Obviously, the situation of the climatic biodiversity scientists is much simpler. They should have compared the models with reality a long time ago, conclude that the particular models they had were useless, despite their efforts to make them realistic, and move on. And if no progress in constructing predictable models is made for decades, they should simply temporarily give up and start to think that a quantitative predictable science about their favorite subject is impossible. Our situation is more subtle because it is tougher to compare our thinking with experiments. It is more difficult to show that we are on the right track, but it is also more difficult to show that we are on a wrong track. But these two possibilities should always be studied in a balanced way, I think.
This also applies to string theory where the experiments are replaced by calculations of more concrete examples of something, and these experiments are meant to decide about the fate of more general principles that we want to believe. We have been convinced that the problem of quantum gravity has essentially a unique solution currectly called string/M-theory, and I am still convinced that there is a huge body of evidence that this statement is true if the words are properly defined.

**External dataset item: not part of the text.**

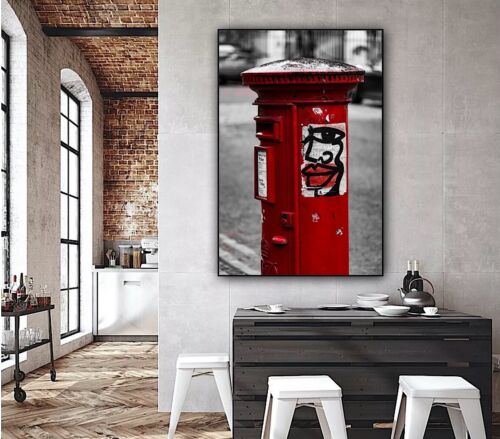 Large Abstract limited print On 81 x 55cm canvas Graffiti Post Box Free postage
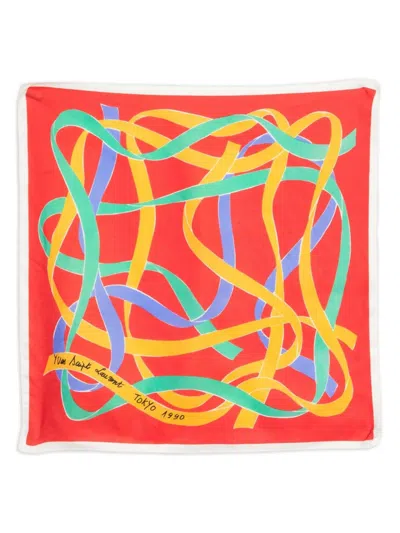 Pre-owned Saint Laurent 1990s Silk Scarf In Red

However, being on the right track in the big questions does not imply that we will always be on the right track. The fact that many dualities between string theories and other mathematical structures seem to be obviously correct does not imply that all conjectured dualities are correct. The fact that a particular simple vacuum exists and is consistent does not imply that all proposed vacua - or even all vacua proposed by the same authors - are consistent and exist. We don't seem to ask these questions too often.
Five minutes for a duality
In the mid 1990s, we had the duality revolution. One of the defining features was the following law that Tom Banks explained to me:
- If you can't show that a conjectured duality is wrong in 5 minutes, it must be correct.
Because Peter Woit did not have a sufficient capacity to understand an essential point, let me emphasize that the theorem above has been really true in the case of tens of important dualities, and the initial five-minutes-long checks were followed by roughly 10 years of other tests. And the dualities have passed all of them.
Unfortunately, this principle was also applied years after the revolution when it was already incorrect. The dualities between the highly supersymmetric descriptions are most likely to be correct because both sides of the duality are extremely constrained and most likely unique. Together with a couple of checks, this proves the story.
But are we really sure that these dualities generalize to the non-supersymmetric context, for example? Most of the constraints go away and the quantitative precise checks are usually impossible. Virtually all conjectured non-supersymmetric dualities (except a few exceptions in the topological context) are suspicious, and even those that are true may be true only because we define one of the sides to be dual to the other - while other equally consistent definitions may exist, too.
One can't really get a result for free and until one finds the correct theory that can be checked arbitrarily precisely, there is a principle of complementarity between the number of tools and possibilities that may be used to explain XY, and the probability that such a constructed explanation is correct. If we just decide do solve some of our problems by adding many new tools (or many backgrounds), it may help, but unless there are independent arguments, such a move also reduces the probability that the solution is correct. Only if an independent argument - that the probability of the model's being correct drops less than the amount of arbitrary assumptions and players we add - exists, one may talk about progress. Otherwise it's just a confusing violation of Occam's razor.